▸ Instructions to follow: Pictures excluded, return the lines below from the first through the line holding "Jetour X70 Plus — Фото автомобиля 20".

▸ Material shown:

+ + +

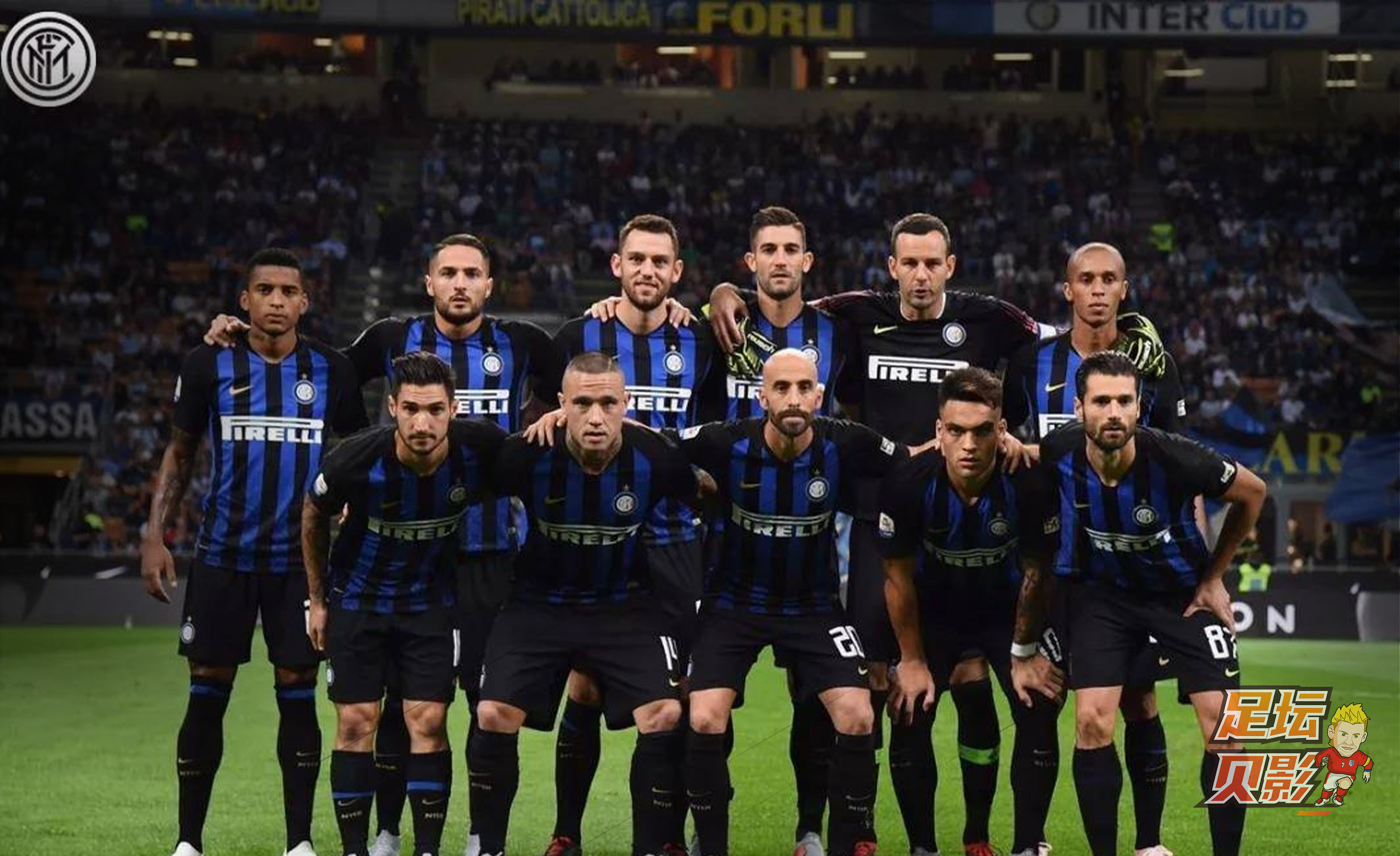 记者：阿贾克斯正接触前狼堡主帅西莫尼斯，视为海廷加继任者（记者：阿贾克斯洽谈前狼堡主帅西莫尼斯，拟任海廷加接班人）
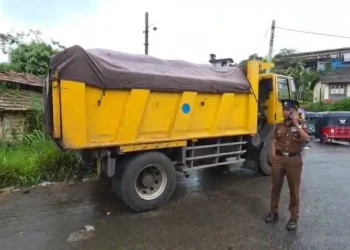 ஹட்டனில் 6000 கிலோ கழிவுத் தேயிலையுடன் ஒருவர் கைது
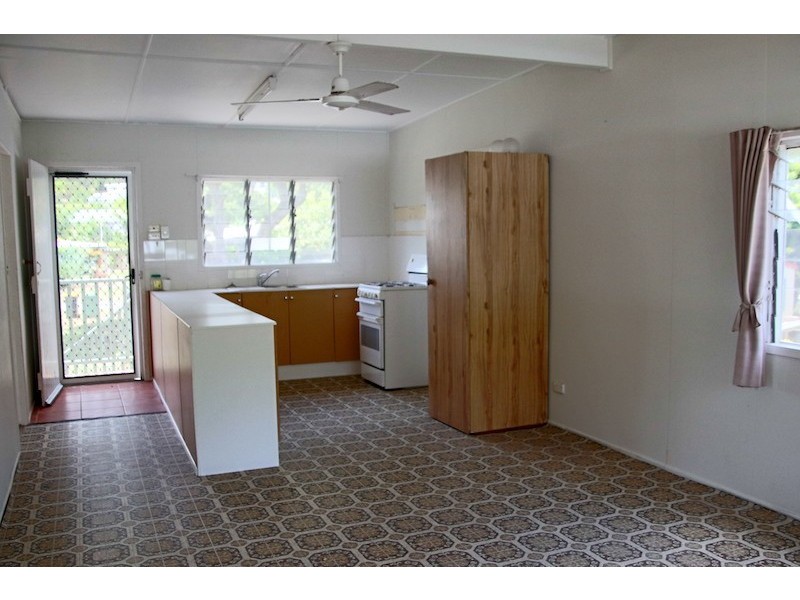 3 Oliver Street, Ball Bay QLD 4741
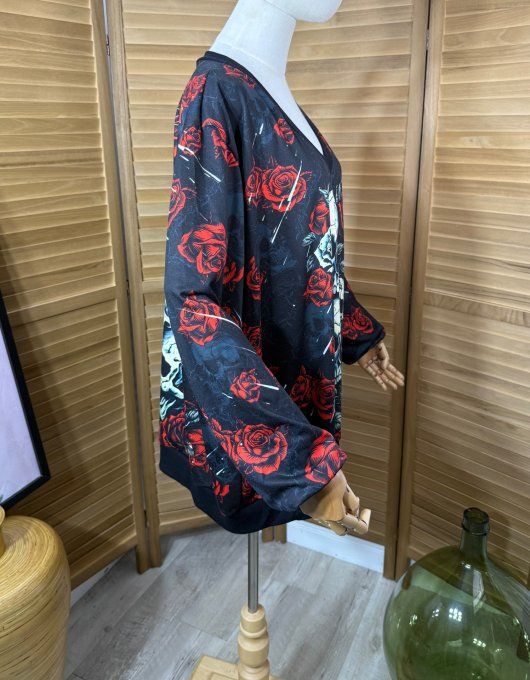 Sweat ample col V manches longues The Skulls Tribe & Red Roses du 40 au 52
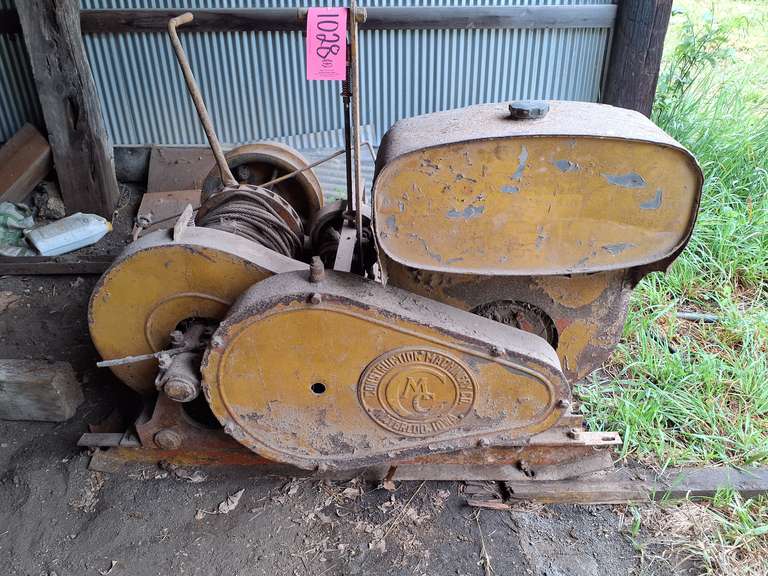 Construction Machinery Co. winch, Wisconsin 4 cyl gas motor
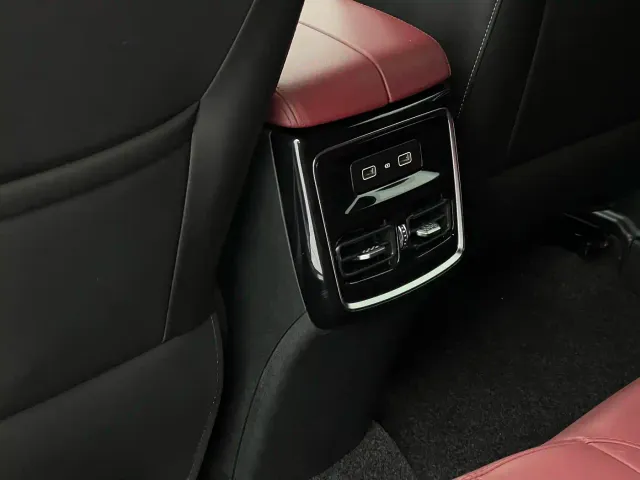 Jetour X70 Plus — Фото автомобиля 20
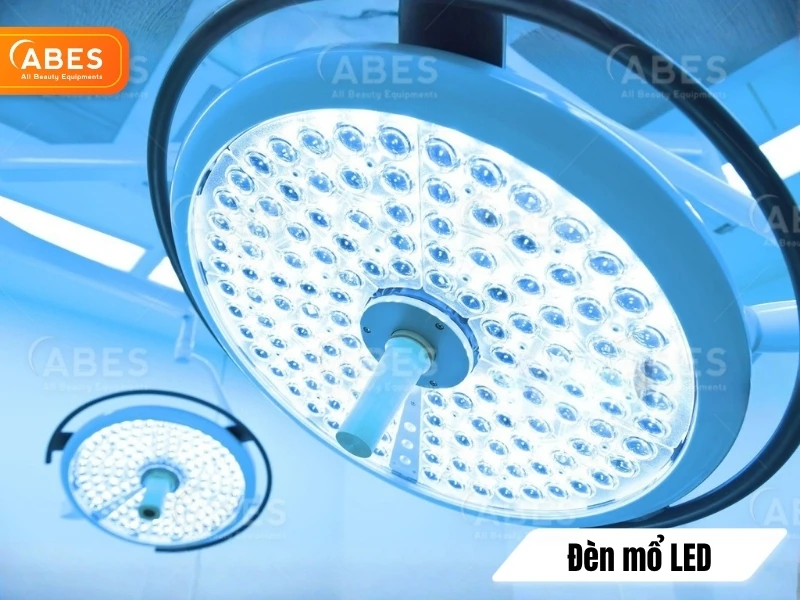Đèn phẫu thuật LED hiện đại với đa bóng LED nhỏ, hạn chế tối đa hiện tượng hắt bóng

+ + +

▸ Response box:
 记者：阿贾克斯正接触前狼堡主帅西莫尼斯，视为海廷加继任者（记者：阿贾克斯洽谈前狼堡主帅西莫尼斯，拟任海廷加接班人）
 ஹட்டனில் 6000 கிலோ கழிவுத் தேயிலையுடன் ஒருவர் கைது
 3 Oliver Street, Ball Bay QLD 4741
 Sweat ample col V manches longues The Skulls Tribe & Red Roses du 40 au 52
 Construction Machinery Co. winch, Wisconsin 4 cyl gas motor
 Jetour X70 Plus — Фото автомобиля 20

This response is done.